[Opening DATA EXTRACT section]

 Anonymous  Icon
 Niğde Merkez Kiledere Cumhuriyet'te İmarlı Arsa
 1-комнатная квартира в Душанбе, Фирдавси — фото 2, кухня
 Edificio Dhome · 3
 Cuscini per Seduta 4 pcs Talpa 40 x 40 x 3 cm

[Closing DATA EXTRACT section]
[Opening DATA EXTRACT section]

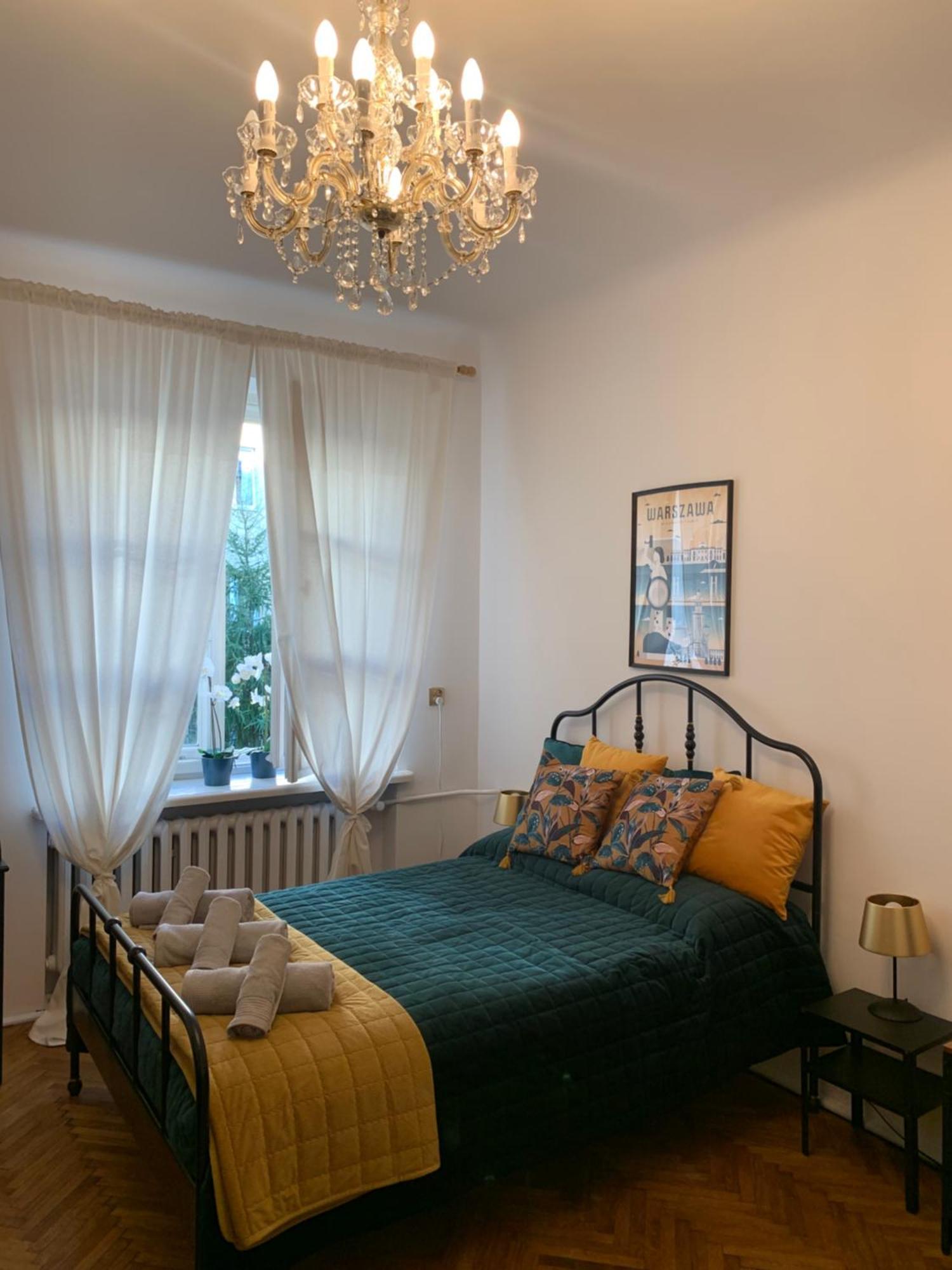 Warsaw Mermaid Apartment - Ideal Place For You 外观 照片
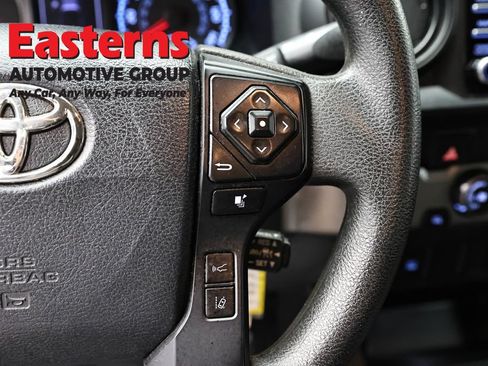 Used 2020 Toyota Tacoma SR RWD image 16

[Closing DATA EXTRACT section]
[Opening DATA EXTRACT section]

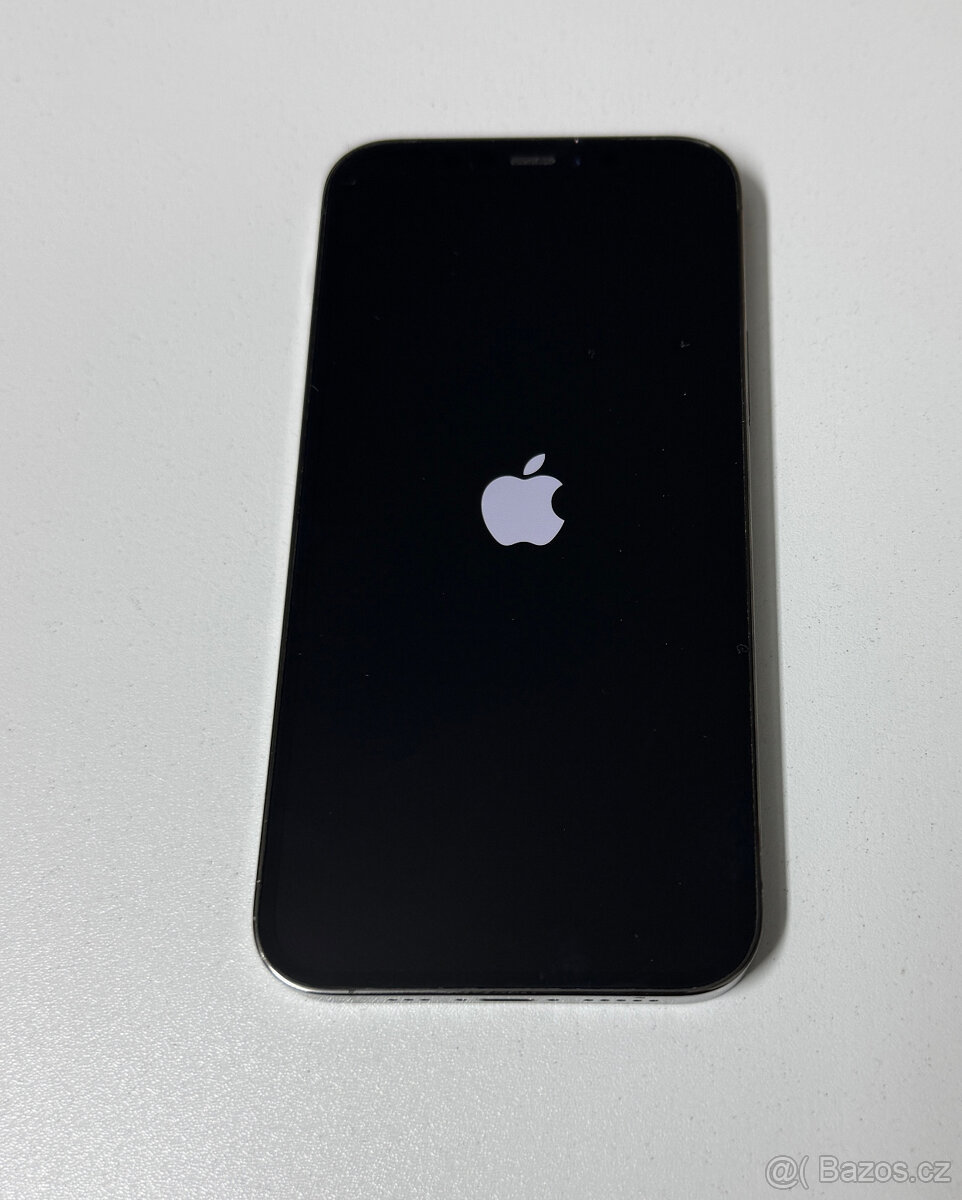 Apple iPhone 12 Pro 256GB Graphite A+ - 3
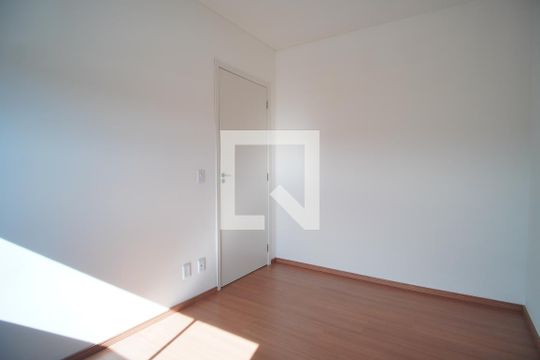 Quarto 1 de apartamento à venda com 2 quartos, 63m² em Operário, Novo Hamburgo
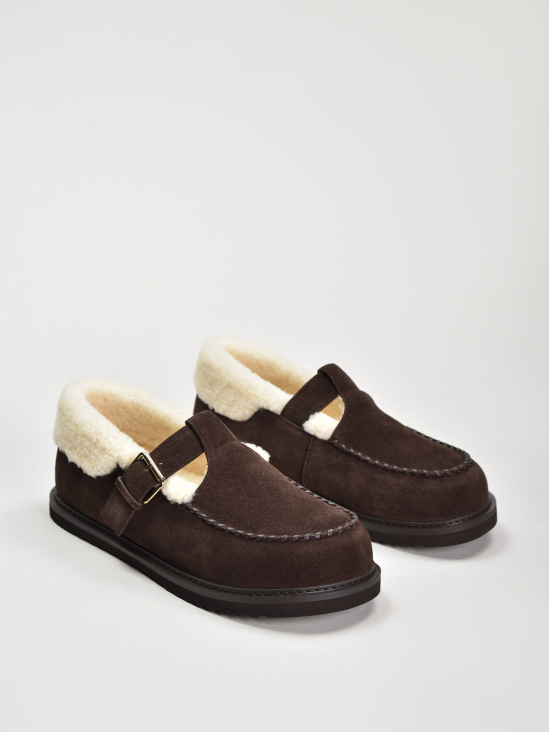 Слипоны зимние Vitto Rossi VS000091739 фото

[Closing DATA EXTRACT section]

### EXERCISE AIM
With the pictures removed, print only the lines starting at the line that has "Warsaw Mermaid Apartment" and ending at the line that has "Used 2020 Toyota Tacoma SR RWD image 16", both ends included, exactly as they stand above.

### YOUR SOLUTION
 Warsaw Mermaid Apartment - Ideal Place For You 外观 照片
 Used 2020 Toyota Tacoma SR RWD image 16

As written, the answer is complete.